Congress laid out priorities dealing with health care, tax reform and infrastructure, to name a few.  Political battles saw some issues delayed, others abandoned, but some accomplished as well.  Comprehensive tax reform was signed into law in December and the Trump Administration, through both legislation and executive orders, scaled back a host of regulations with the goal of spurring economic growth and job creation. 

As we look ahead to 2018 and the final year of the 114th Congress, America’s counties will face a legislative calendar that will affect local governments for years to come.  Although the results in Washington are unpredictable at best, one thing is for certain, if 2017 was any indication, 2018 will certainly have its share of surprises. 

President Trump has made no secret of his intent to shake up the way Washington works.  This has not only included what he refers to as “draining the swamp,” but also — through his budget and blueprint documents — a systematic change in governing philosophy across the federal government that touches counties and the programs they administer, directly. 

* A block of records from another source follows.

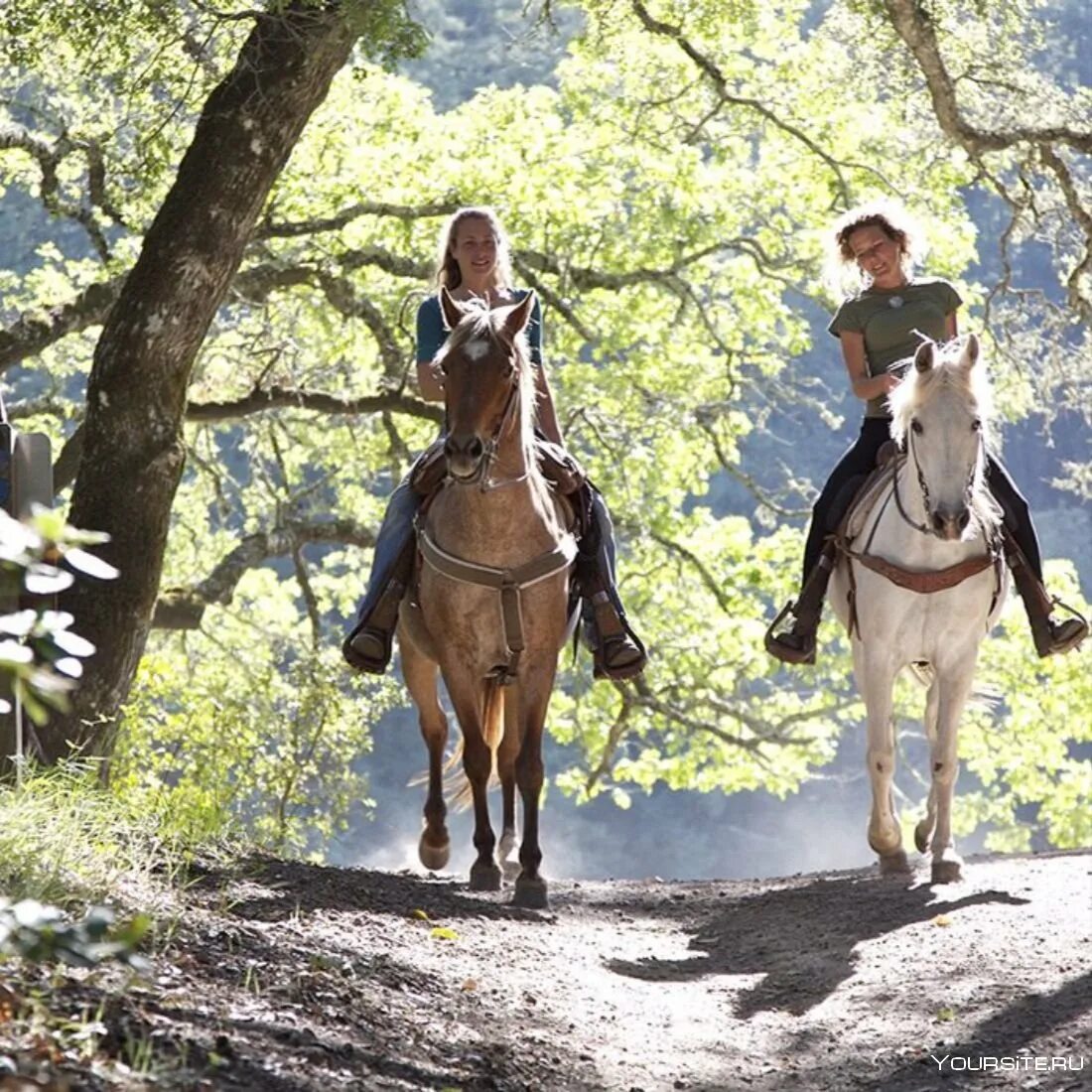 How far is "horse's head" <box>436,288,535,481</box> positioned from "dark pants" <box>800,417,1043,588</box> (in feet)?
6.94

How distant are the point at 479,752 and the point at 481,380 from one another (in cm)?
197

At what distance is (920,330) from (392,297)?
34.9 ft

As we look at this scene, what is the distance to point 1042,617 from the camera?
30.3 ft

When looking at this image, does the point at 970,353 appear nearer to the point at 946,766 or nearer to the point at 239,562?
the point at 946,766

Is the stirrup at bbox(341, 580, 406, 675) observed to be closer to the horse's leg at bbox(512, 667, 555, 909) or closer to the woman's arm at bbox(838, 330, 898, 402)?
the horse's leg at bbox(512, 667, 555, 909)

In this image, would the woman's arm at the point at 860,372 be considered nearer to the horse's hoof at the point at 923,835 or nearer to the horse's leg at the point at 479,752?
the horse's leg at the point at 479,752

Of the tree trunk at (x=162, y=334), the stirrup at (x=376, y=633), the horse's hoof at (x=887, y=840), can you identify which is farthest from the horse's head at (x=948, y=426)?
the tree trunk at (x=162, y=334)

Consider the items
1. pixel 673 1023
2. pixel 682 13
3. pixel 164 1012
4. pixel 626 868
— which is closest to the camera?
pixel 164 1012

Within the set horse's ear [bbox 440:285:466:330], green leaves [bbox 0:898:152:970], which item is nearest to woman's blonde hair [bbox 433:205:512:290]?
horse's ear [bbox 440:285:466:330]

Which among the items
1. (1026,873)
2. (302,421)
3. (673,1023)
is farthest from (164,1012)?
(302,421)

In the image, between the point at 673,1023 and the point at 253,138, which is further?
the point at 253,138

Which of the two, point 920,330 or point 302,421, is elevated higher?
point 302,421

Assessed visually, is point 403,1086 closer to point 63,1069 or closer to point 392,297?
point 63,1069

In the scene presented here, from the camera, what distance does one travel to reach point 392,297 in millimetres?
18922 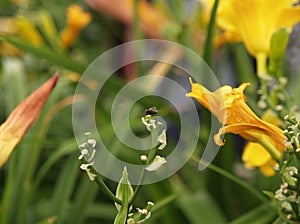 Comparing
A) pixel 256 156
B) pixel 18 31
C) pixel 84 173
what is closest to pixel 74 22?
pixel 84 173

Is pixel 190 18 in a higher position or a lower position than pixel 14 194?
higher

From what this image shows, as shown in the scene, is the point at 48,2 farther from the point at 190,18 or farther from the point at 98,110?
the point at 98,110

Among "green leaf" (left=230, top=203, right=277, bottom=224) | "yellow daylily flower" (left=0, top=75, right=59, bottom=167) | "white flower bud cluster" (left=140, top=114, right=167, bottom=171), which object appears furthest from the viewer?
"green leaf" (left=230, top=203, right=277, bottom=224)

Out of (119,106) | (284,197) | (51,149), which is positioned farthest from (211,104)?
(51,149)

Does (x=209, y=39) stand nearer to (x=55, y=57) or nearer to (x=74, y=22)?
(x=55, y=57)

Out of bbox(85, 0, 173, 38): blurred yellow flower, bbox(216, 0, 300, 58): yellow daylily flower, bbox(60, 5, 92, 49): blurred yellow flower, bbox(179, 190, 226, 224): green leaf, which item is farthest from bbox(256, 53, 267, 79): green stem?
bbox(85, 0, 173, 38): blurred yellow flower

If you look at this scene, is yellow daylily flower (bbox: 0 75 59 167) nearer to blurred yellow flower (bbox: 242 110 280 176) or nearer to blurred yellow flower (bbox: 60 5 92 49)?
blurred yellow flower (bbox: 242 110 280 176) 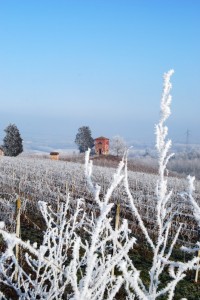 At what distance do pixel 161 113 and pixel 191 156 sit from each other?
74.2 m

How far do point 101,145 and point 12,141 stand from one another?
50.5ft

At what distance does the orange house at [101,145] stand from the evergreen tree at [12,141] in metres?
A: 13.6

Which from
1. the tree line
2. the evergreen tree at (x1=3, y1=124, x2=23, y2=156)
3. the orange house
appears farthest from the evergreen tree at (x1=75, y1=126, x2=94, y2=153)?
the evergreen tree at (x1=3, y1=124, x2=23, y2=156)

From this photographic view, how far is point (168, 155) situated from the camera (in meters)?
1.74

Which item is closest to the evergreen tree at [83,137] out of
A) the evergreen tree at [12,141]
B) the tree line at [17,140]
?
the tree line at [17,140]

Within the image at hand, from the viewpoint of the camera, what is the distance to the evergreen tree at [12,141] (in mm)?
45438

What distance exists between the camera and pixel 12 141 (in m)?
47.2

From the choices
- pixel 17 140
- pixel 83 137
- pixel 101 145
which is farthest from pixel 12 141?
pixel 101 145

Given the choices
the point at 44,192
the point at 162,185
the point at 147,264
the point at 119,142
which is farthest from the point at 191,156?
the point at 162,185

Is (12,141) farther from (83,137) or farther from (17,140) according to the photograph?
(83,137)

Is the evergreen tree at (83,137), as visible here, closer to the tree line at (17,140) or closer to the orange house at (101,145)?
the tree line at (17,140)

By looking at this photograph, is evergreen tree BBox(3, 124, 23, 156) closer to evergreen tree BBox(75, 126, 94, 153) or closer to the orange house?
evergreen tree BBox(75, 126, 94, 153)

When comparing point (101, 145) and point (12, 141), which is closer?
point (12, 141)

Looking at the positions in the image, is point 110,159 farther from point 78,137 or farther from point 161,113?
point 161,113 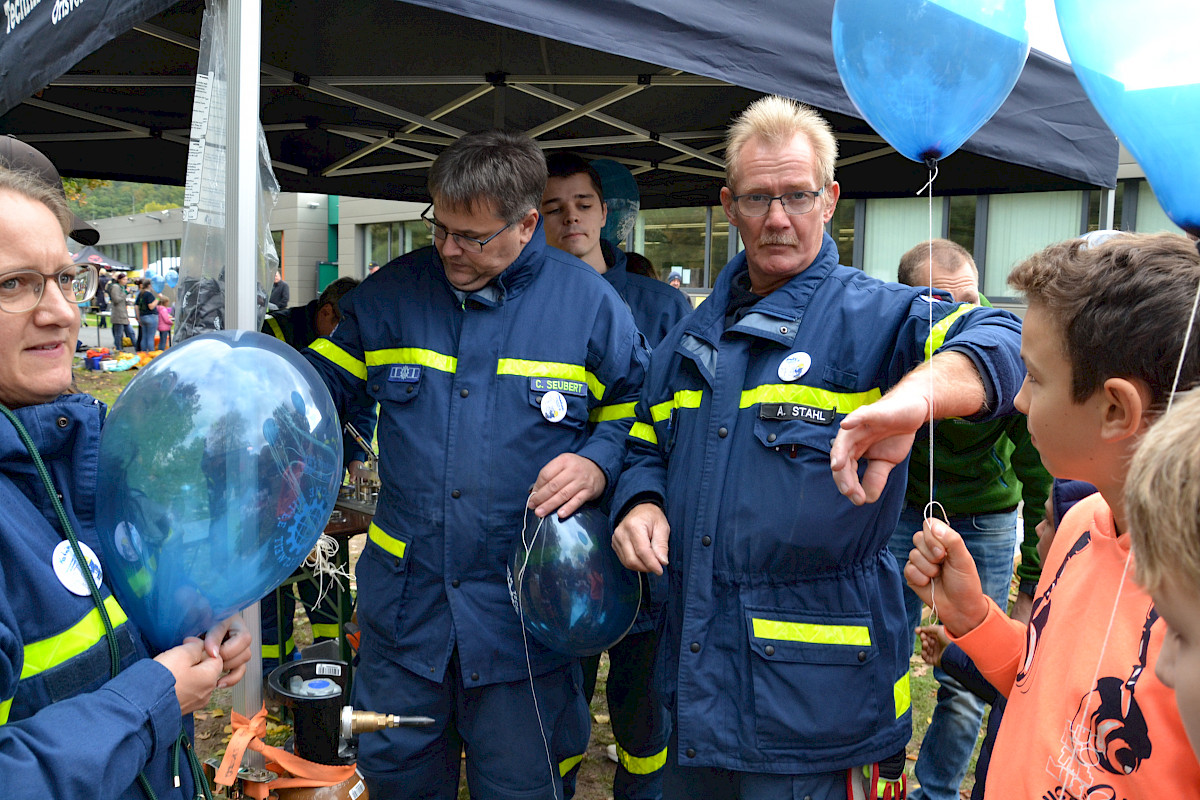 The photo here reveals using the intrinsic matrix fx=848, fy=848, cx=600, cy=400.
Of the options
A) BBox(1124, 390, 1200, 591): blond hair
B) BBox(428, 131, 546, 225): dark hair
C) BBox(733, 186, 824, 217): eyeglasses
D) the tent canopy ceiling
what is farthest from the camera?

In addition to appropriations, issues such as health reform, infrastructure development, Payment in Lieu of Taxes (PILT), Secure Rural Schools (SRS), and major reauthorization bills such as the Farm Bill, all figure to attract attention this year.  With 10 months before the midterm elections and a jam-packed legislative calendar, 2018 promises a whirlwind of legislative activity.

Appropriations

While the FY2018 budget year began on Oct. 1, 2017, there have already been two continuing resolutions, or CRs, to temporarily fund the federal government. Important programs for counties such as the Children’s Health Insurance Program, Community Development Block Grant program, Social Services Block Grant, Community Services Block Grant, and the One-Time Assistance to Needy Families programs find themselves dependent upon an always contentious budget process.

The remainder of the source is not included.